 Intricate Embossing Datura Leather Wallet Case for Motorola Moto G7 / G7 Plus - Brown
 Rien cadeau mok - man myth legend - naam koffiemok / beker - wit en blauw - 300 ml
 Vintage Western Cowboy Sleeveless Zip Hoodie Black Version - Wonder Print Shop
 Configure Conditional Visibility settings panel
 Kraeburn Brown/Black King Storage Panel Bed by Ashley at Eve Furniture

####

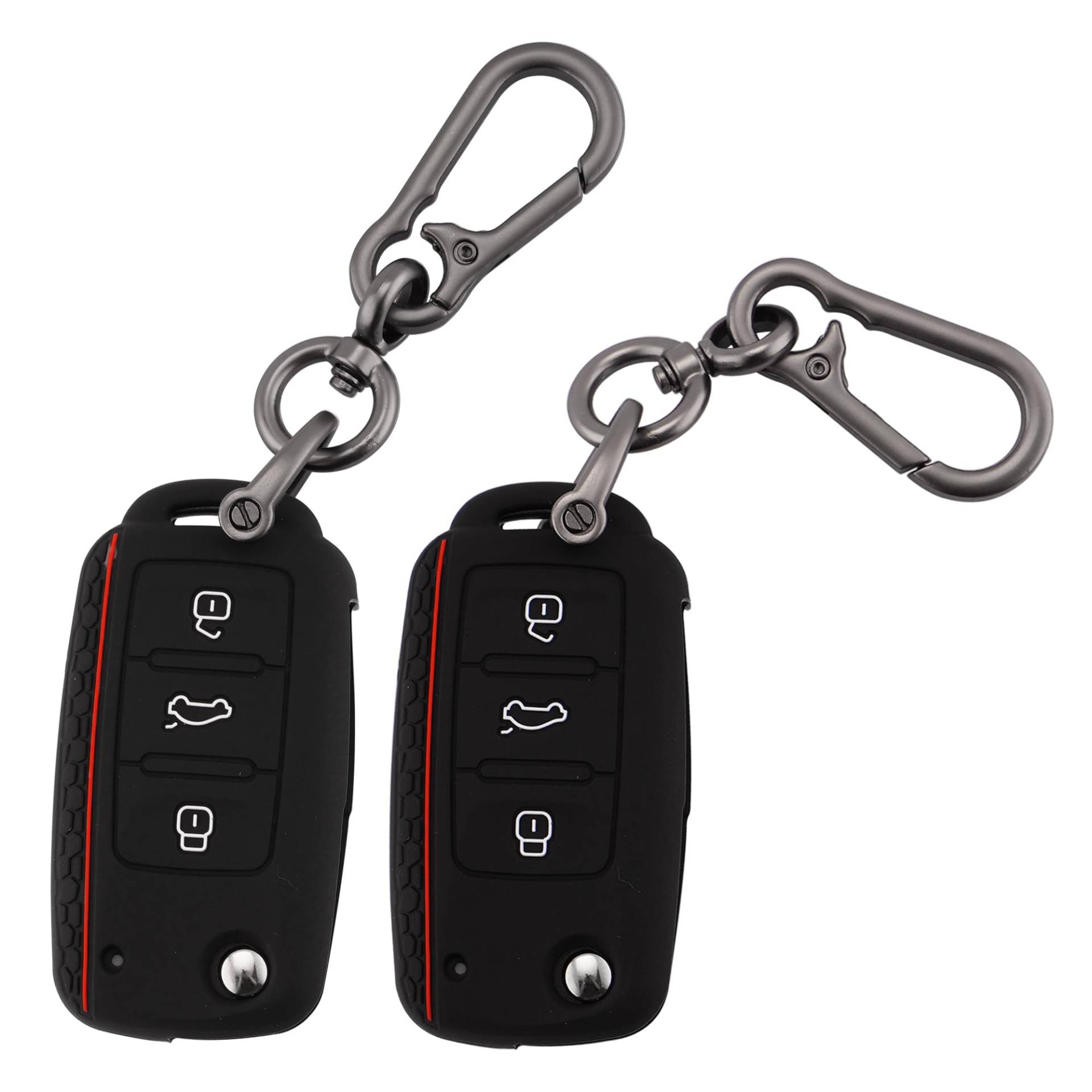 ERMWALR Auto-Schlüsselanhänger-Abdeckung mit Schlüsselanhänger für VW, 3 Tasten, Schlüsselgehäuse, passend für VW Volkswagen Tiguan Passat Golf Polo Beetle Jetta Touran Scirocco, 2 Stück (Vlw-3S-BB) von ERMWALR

####

Directions for this task |
With the first line being the one containing "Rien cadeau mok" and the last line the one containing "Kraeburn Brown/Black King", transcribe exactly the lines above that fall in that range.

Exercise solution |
 Rien cadeau mok - man myth legend - naam koffiemok / beker - wit en blauw - 300 ml
 Vintage Western Cowboy Sleeveless Zip Hoodie Black Version - Wonder Print Shop
 Configure Conditional Visibility settings panel
 Kraeburn Brown/Black King Storage Panel Bed by Ashley at Eve Furniture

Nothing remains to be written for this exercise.